Frazier Cranium wrote:
Piece written by Henry Winter in the Telegraph

CHED EVANS MUST ISSUE A PROPER APOLOGY

Ched Evans clearly needs educating in how to respect women. The 25-year-old striker has still not demonstrated any remorse towards the woman whose life has been trashed by his actions.

It will be a day of ignominy for English football if Evans can walk straight back in. Some at Sheffield United want their former player to be given a new contract. Others are horrified by the idea. Surely everyone at Bramall Lane must know the damage it would do to their reputation as a community club, a family club.

Before Evans can step on to a football field again, he needs to receive some counselling and to show some contrition. A proper apology, rather than that scripted PR disaster of a video statement, would be a start.


I actually fully agree with all of that but........

......ignoring the fact that this is a rape case (which, again, anyone with a normal moral compass should not do), if the justice system has run its course and the guilty party has fully served the time/penalty duly given to them, do they also have to subsequently show remorse and contrition?

The sensible answer (at least for Sheffield United) is obviously yes.

A bit of an "Ethics for Dummies" course, where the legal and moral routes clearly fork in the road.
Dock

Late Doors wrote:
Who's condoning it? not me and I'm far from indifferent or apathetic. It's about perspective and context. Fewer things make me angrier than distorted justice that differentiates between rich and poor. It's happening all the time all over the world but is that not supposed to matter because its either thousands of miles away or doesn't immediately affect us. That's what i call indifference and apathy.
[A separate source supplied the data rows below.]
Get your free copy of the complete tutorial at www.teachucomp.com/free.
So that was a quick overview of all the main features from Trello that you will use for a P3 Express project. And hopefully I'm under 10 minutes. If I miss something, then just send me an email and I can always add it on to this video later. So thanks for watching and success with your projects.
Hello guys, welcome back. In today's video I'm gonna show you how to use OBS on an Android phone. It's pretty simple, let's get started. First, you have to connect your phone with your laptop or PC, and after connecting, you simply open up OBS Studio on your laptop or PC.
Lest it gets boring making my same point several times it is for the justice system  to manage justice and be accountable for any violation of justice. If it lets us down as it is doing time and time again we should be directing our anger towards that system and not the game. That is what I call apathy and indifference.
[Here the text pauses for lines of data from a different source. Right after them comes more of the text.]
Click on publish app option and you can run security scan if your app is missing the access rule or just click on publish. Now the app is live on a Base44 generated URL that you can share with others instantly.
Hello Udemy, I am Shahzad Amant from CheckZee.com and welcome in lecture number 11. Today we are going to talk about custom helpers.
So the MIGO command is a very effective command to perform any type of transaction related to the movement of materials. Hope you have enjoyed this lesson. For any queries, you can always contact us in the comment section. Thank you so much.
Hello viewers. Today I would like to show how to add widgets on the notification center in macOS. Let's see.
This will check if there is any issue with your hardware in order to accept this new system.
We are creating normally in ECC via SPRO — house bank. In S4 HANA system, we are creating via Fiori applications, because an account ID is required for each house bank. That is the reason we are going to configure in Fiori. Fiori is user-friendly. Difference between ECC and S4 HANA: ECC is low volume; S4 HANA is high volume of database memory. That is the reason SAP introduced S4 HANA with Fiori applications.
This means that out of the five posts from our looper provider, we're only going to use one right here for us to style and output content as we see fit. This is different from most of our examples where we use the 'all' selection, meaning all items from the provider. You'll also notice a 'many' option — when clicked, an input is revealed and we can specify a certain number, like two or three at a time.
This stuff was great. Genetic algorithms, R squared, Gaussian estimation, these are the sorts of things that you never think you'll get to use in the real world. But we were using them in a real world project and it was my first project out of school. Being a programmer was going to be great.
Again i ask how come an unrepentant rapist  has been let out early? It's because our jails are full of  people locked up for petty crimes while the worlds real criminals continue to make war, plunder our wealth and steal our rights. I know full well where the real indifference and apathy lay.

it is also or at least should be an inalienable right in a fair society for someone to be able to earn a living after doing the time for a crime. I suspect "the game" would be violating some human rights by denying an ex con the right to work anyway and rightfully so.  But don't worry  those rights will soon be wiped away if these aresholes get another term. As long as we can deport a few foreign criminals that's ok then. That is what I call indifference and apathy.
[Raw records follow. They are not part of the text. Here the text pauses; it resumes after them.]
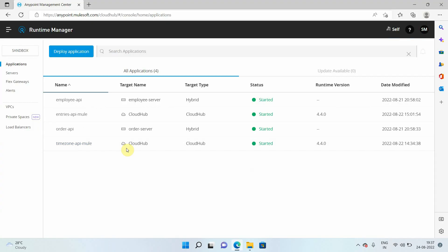Now, what we will do, we will try to deploy one sample application to CloudHub 2.0. So for that, I can go to runtime manager, I can choose my environment, then I can click on application.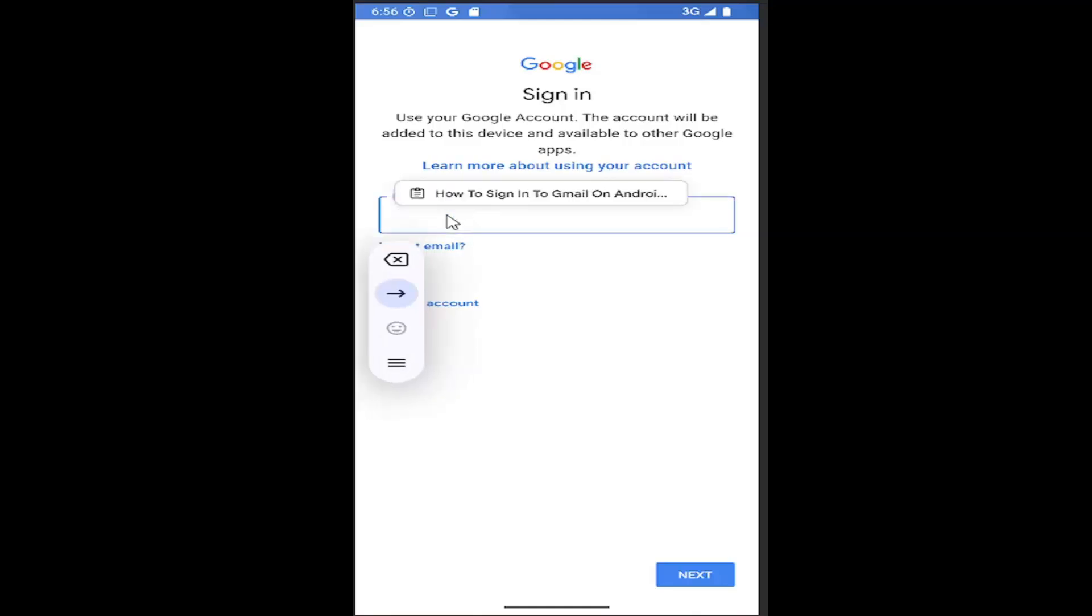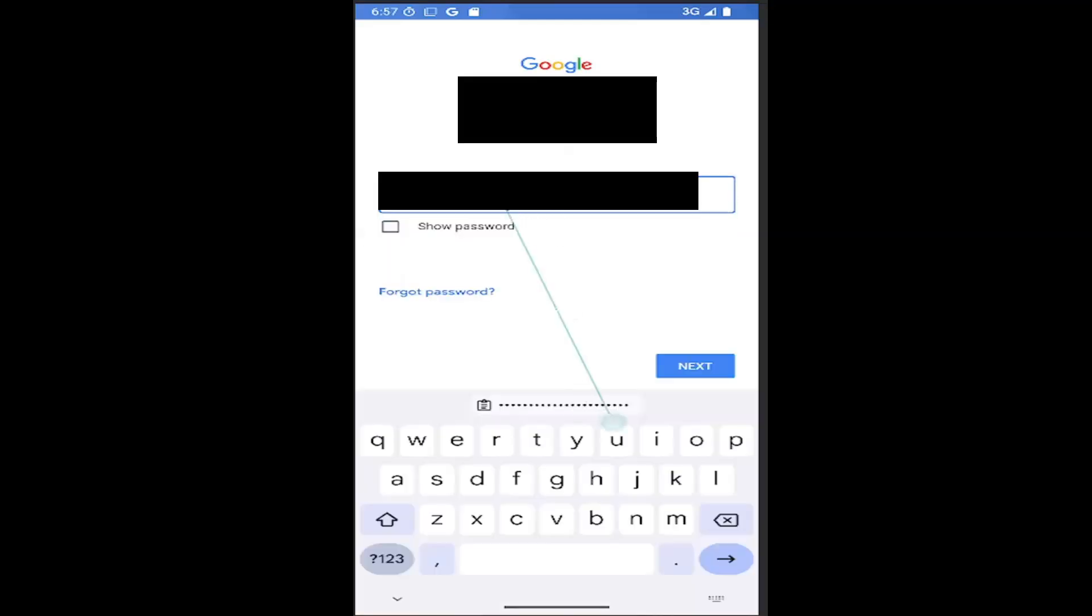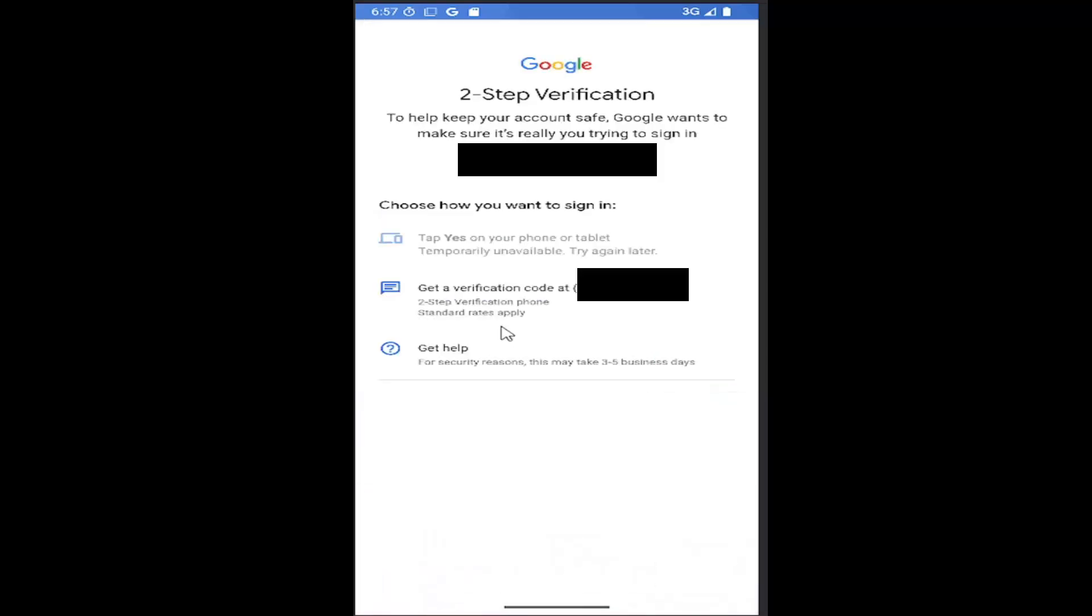And then at this point, go ahead and enter in your username or email. Go ahead and insert in your password. And then select next.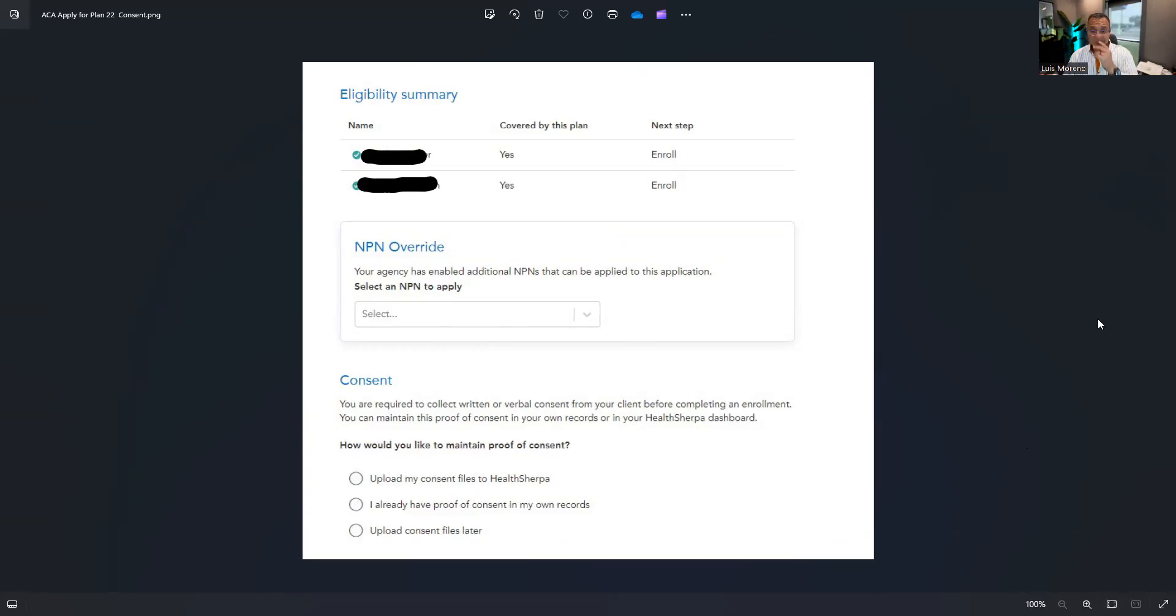All right, so giddy up, start writing some business.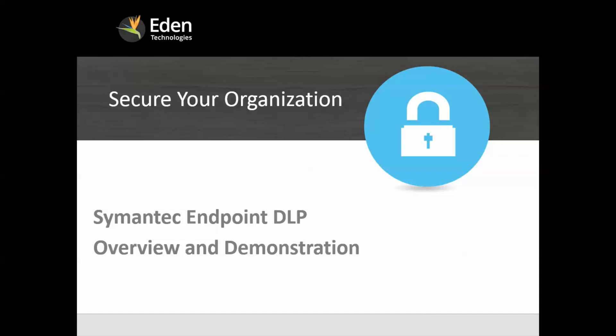Hello, and welcome to Eden Technologies video series on enterprise data security and data loss prevention. Today's video is on semantic endpoint DLP and will be both an overview and a demonstration.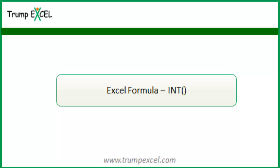Hello and welcome to the video by Trump Excel. I am Sumit Bansal and in this video I will show you how to use INT function in Excel.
There is a real and fundamental threat to our democracy, freedoms and rights if we shift our focus away from the real instruments of justice and expect sport to be our moral guidance and justice dispenser. If the fans don't want someone like Evans then don't go to the game, or turn their back on him, or boo him anything to let him know he isn't welcome. Make it as unpleasant as possible for him, take some initiative themselves. As for impressionable kids getting the wrong message then again i say get the countries justice system right and stop letting rich people off and throwing the full might of the law onto poorer people. That would be a good start in creating a good impression of the system. Stop passing the buck of justice onto sport.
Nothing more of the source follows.